The line wasn’t long, but the hours were -- apparently the watermelon’s available the entire time until it is gone, starting Thursday night.

“Want some watermelon, Hunter?” I asked. She looked at me askew and sucked on her bottle harder, Maggie-style. I laughed and wheeled her back to the east.

I could see the crowd around the stage but not much of the stage itself. Carefully I rolled the stroller along behind the stage and listened to what was going on. One after another, young people were being called up to take their turns spitting seeds.

Later I’d find that Leif and Grav had both met up on that other side of the same stage. What shots… so much better than I could get with my little Nikon P50. I need a better camera.

I’d find out later that Grav and Leif had gone from there in search of gator. We’d talked about gator on the way down -- as one of those odd little festival foods that you can find this time of year. Grav was bound and determined to find some. So about the time I was taking video of the seed spitting they were back off towards the tent where the watermelon was being consumed. Not having found any there… they walked back to the concessionary stands, where Leif discovered he had lost his cell phone. He told Grav where we’d come from earlier and left him as he went back to retrace his steps.

Left alone, Grav went to a gator vendor and bought a skewer of gator-on-a-stick for $7. He consumed this while looking around to see if he could spot Leif’s phone. Grav’s description:

“It was quite tasty. It had a slight Cajun seasoning to it, but the breading was crisp, the texture -- I was expecting something like chicken. The other time I’ve had it, it basically was the consistency of chicken, but so was anything else you added to gumbo except maybe shrimp. This had a much leaner and dense texture than any chicken or fowl. In fact the closest meat I’ve come to its texture and flavor would have to be rattlesnake.”

So at that point, Grav decided to try to call Leif’s phone -- but no answer. About the point where he’d found Leif, Grav got a call -- it was someone who’d picked up Leif’s phone and had dialed the last number, hoping to find the person who’d lost it. Grav says “it’s nice to know there are nice--- perhaps honest instead of nice --- people out there, because I thought my friend’s phone was toast.”

You may be wondering “well, Kat, what were you doing all this time?” Well, I had headed off down another lane of concessionary stands, taking the random photo and checking in on Hunter from time to time.

A church had set up a stand with a couple of water coolers for people to get a drink, and I gratefully filled my water bottle again. I offered it to Hunter, and this time she drank very deeply from it. She looked at me with a little exhaustion in her eyes.

A political volunteer came up and offered me a fan. I handed it to her and laughed when she started fanning herself with it. We progressed onward along the route.

I was stopped dead by an improbable sight -- a man carrying what appeared to be a Capuchin monkey on his shoulder. I stopped.

I noticed I was about to walk through a line of people.
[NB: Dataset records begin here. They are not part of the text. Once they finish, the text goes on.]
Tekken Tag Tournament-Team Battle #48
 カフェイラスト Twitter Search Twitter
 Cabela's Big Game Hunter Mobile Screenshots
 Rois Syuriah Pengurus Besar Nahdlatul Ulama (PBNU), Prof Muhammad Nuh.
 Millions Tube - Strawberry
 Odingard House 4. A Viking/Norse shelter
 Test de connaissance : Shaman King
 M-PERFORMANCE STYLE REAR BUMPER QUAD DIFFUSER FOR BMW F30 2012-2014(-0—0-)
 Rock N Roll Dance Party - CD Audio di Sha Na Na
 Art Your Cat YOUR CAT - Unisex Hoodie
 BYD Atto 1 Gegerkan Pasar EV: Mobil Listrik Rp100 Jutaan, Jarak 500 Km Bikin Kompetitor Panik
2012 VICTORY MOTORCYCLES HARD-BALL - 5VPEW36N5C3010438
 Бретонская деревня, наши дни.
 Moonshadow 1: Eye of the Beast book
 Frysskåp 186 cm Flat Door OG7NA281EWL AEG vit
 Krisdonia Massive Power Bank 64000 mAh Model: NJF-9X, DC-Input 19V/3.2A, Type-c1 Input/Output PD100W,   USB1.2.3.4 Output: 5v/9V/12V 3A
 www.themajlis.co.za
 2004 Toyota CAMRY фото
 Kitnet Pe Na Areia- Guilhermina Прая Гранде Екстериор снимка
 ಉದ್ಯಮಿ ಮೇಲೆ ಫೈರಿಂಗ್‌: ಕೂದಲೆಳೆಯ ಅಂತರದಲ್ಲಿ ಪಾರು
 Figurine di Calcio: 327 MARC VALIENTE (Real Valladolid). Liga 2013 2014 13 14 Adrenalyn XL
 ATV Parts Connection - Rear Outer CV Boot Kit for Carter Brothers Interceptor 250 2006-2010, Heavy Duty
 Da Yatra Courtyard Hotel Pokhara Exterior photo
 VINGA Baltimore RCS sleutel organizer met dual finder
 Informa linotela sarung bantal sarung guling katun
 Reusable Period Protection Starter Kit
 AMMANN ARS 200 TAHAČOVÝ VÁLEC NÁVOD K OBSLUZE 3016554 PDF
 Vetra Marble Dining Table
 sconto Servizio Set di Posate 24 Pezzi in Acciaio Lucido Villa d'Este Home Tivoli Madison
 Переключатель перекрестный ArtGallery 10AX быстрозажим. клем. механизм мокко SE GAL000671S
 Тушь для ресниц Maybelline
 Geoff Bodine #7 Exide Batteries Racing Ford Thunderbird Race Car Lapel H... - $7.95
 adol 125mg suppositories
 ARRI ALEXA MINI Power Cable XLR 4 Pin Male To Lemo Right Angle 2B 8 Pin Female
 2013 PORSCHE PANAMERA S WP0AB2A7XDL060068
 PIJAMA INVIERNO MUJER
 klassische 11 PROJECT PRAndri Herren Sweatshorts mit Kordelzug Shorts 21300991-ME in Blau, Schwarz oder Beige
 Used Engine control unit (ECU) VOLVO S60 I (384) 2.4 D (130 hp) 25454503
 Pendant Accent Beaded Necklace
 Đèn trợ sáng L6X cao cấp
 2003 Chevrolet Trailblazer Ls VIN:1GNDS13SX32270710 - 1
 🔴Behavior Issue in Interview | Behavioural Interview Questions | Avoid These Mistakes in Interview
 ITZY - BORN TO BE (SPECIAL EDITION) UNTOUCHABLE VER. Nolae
These people were waiting in line. To have their photos taken. With the monkey. For five bucks. I kid you not. There were all sorts of signs -- “Give the monkey a quarter for good luck.” “Give the monkey a dollar for a photo.”

There was a family of four taking their position inside the tent, and the man was handing the monkey over to sit in the laps of the two children. A woman went to focus her camera.

Ah, only in Arkansas.

Shaking my head, I progressed on further to another church stand. I had been paying attention to each of the concession stands to see what sort of odd food was being offered. The words “pickle juice” caught my eye.

Now, I’m a weird bird. I like pickle juice. I prefer it to Gatorade when I have to be out in the sun. And while water and soda was a buck they were selling pickle juice for 50 cents.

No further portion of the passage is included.